Love All: The Art Of Polyamory

As polyamory enters the mainstream, could a relationship revolution be under way?

By Rowan Pelling

[O]ne bright spring day last year I was idly browsing Facebook when my friend Dr Kate Devlin (a lecturer in artificial intelligence at Goldsmiths) updated her status from “single” to “in an open relationship”. Since I’m 49 and live in uptight, windswept Cambridge, rather than a sex-positive community in San Diego, this was a social-media first for me. It seemed clear the polyamory movement in Britain had finally achieved critical mass. There had been plenty of portents. First, the fact that the term polyamory, coined in 1992, entered the Oxford English Dictionary in September 2006, defined as “having simultaneous close emotional relationships with two or more other individuals… the custom or practice of engaging in multiple sexual relationships with the knowledge and consent of all partners concerned”. Meanwhile, female friends on Tinder kept being asked if they’d consider forming part of a love quadrangle. And I noticed people in my circle citing Dossie Easton and Janet Hardy’s The Ethical Slut: A Guide to Infinite Sexual Possibilities (the bible for consensual non-monogamists).

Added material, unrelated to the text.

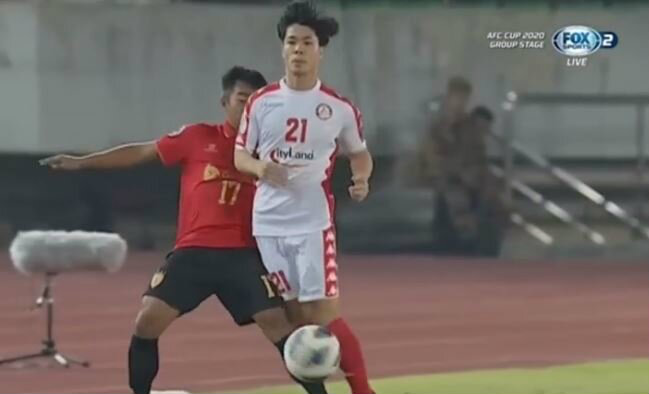 VIDEO: Đối phương chơi tiểu xảo khiến Công Phượng ngã dúi dụi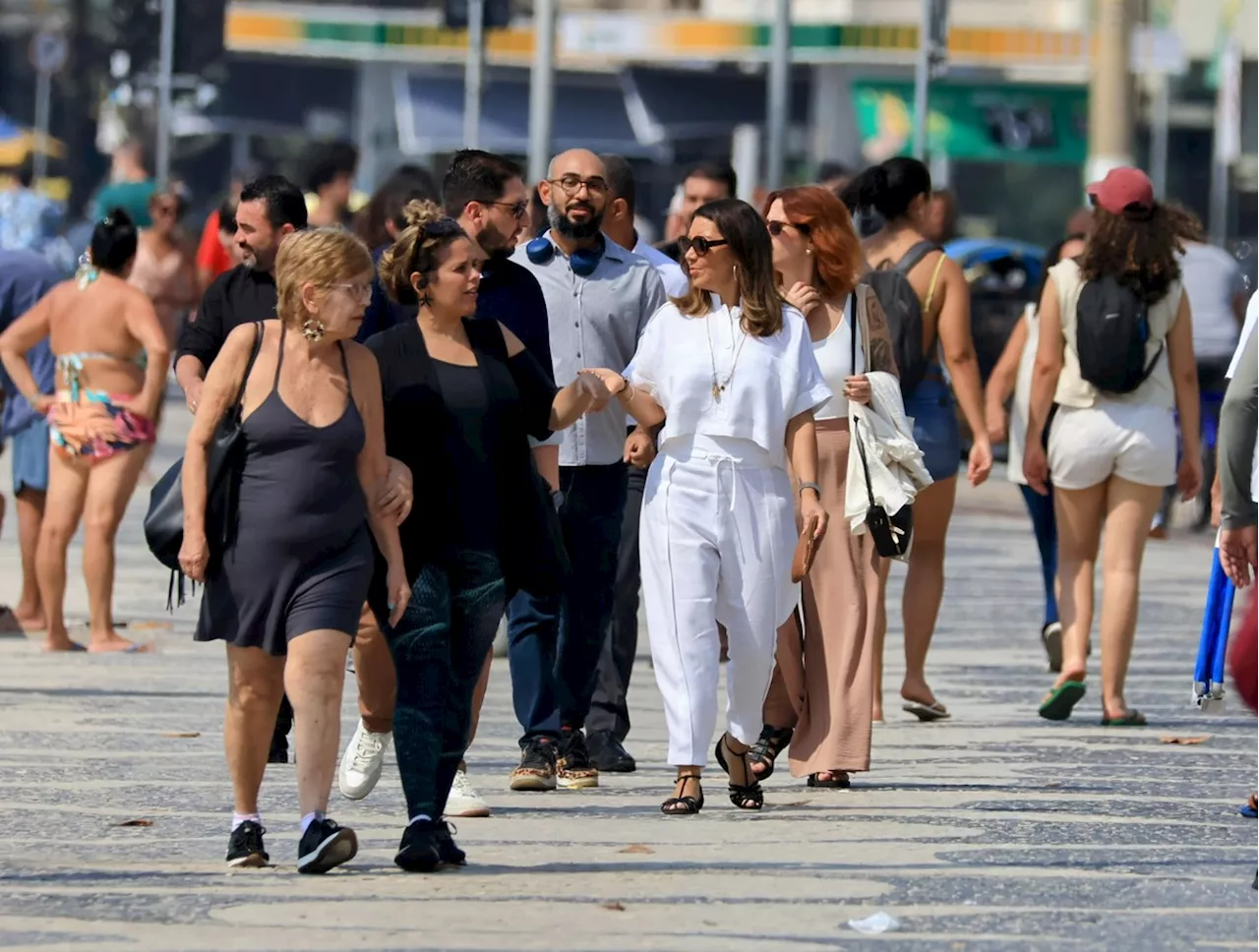 Janja caminha pelo calçadão de Copacabana enquanto Lula cumpre agenda em Itaboraí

Then there were the celebrity polyamorists. Author Neil Gaiman and his musician wife Amanda Palmer have never made a secret of the fact that they both took lovers, with each other’s consent; although their set-up has reportedly become more conventional since they have had a child. Will Smith’s wife Jada Pinkett Smith once posted on Facebook, “Will and I both can do whatever we want, because we trust each other to do so. This does not mean we have an open relationship… this means we have a grown one.” Which sounds pretty much like your average polyamorist explaining why their ménage is an expansive, loving set of mutually agreeable arrangements, rather than a free-for-all. And Tilda Swinton became the poster girl for every mother who feels that, much as she loves the father of her children, she wouldn’t mind shifting him to another part of the house while she moves in her drop-dead sexy lover.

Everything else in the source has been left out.